The paper studies the problem of detecting and locating change points in multivariate time-evolving data. The problem has a long history in statistics and signal processing and various algorithms have been developed primarily for simple parametric models. In this work, we focus on modeling the data through feed-forward neural networks and develop a detection strategy based on the following two-step procedure. In the first step, the neural network is trained over a prespecified window of the data, and its test error function is calibrated over another prespecified window. Then, the test error function is used over a moving window to identify the change point. Once a change point is detected, the procedure involving these two steps is repeated until all change points are identified. The proposed strategy yields consistent estimates for both the number and the locations of the change points under temporal dependence of the data-generating process. The effectiveness of the proposed strategy is illustrated on synthetic data sets that provide insights on how to select in practice tuning parameters of the algorithm and in real data sets. Finally, we note that although the detection strategy is general and can work with different neural network architectures, the theoretical guarantees provided are specific to feed-forward neural architectures.

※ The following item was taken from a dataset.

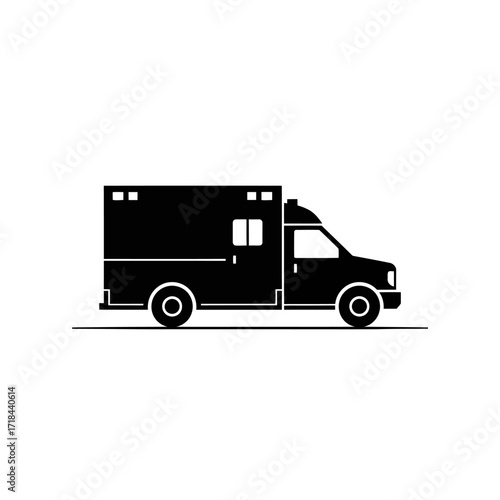 Minimalist Ambulance Vehicle Vector Icon in Black Silhouette Style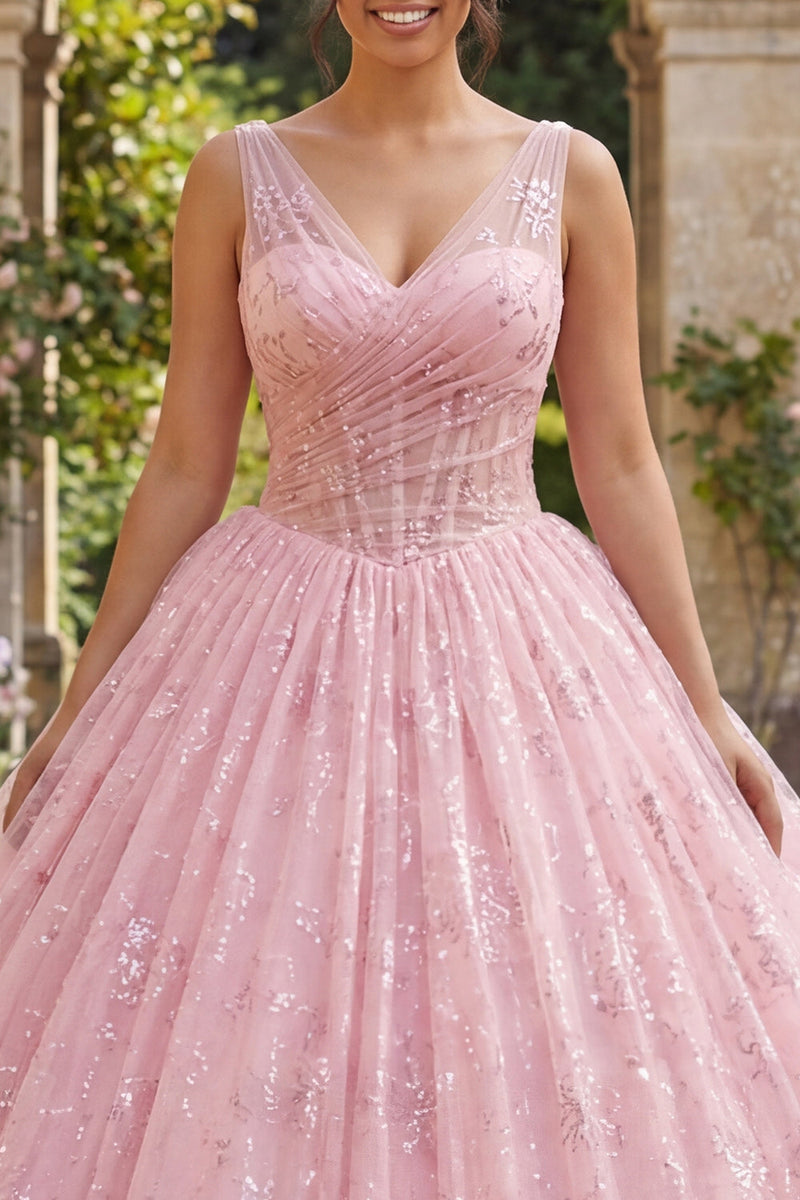 Laden Sie das Bild in den Galerie-Viewer, Glitzerndes Rosa Prinzessin Paillette Lang Gerafft Korsett Blumen Quinceañera-Kleid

翻译：本文研究多元时变数据中变点的检测与定位问题。该问题在统计学与信号处理领域具有悠久历史，已有多种算法主要针对简单参数模型开发。本研究重点通过前馈神经网络对数据进行建模，并提出基于以下两步流程的检测策略：首先，在预设数据窗口上训练神经网络，并在另一预设窗口上校准其测试误差函数；随后，在滑动窗口中使用该测试误差函数识别变点。一旦检测到变点，即重复执行这两步流程直至所有变点被识别。在数据生成过程存在时间依赖性的条件下，所提策略能对变点数量与位置给出一致估计。通过合成数据集验证了策略的有效性，这些数据集为算法调优参数的实际选择提供了参考依据，并在真实数据集中得到进一步验证。需要说明的是，尽管该检测策略具有普适性且适用于不同神经网络架构，但所提供的理论保证仅针对前馈神经网络结构。